**Task input**
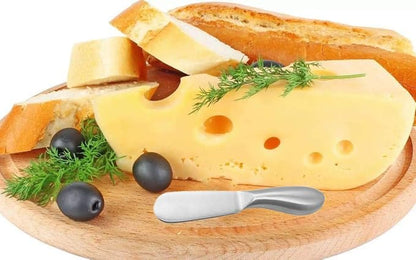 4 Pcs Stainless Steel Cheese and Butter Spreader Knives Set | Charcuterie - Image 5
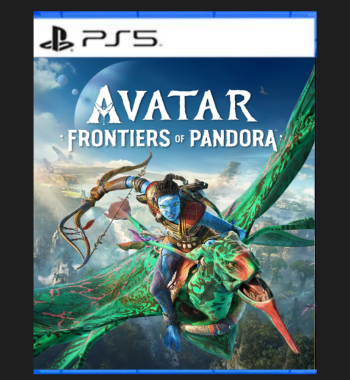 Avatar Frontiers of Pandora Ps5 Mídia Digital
* * *
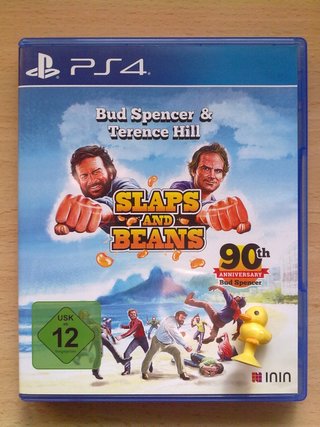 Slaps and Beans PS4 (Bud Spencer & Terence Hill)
--
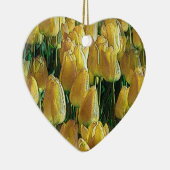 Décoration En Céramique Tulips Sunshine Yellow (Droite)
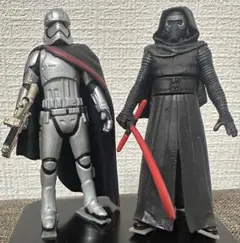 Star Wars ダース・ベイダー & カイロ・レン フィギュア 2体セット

**Task goal**
An exact transcription is needed of the lines from the one with "4 Pcs Stainless" to the one with "Avatar Frontiers of" above, both ends included, with pictures left out.

**Answer to this task**
 4 Pcs Stainless Steel Cheese and Butter Spreader Knives Set | Charcuterie - Image 5
 Avatar Frontiers of Pandora Ps5 Mídia Digital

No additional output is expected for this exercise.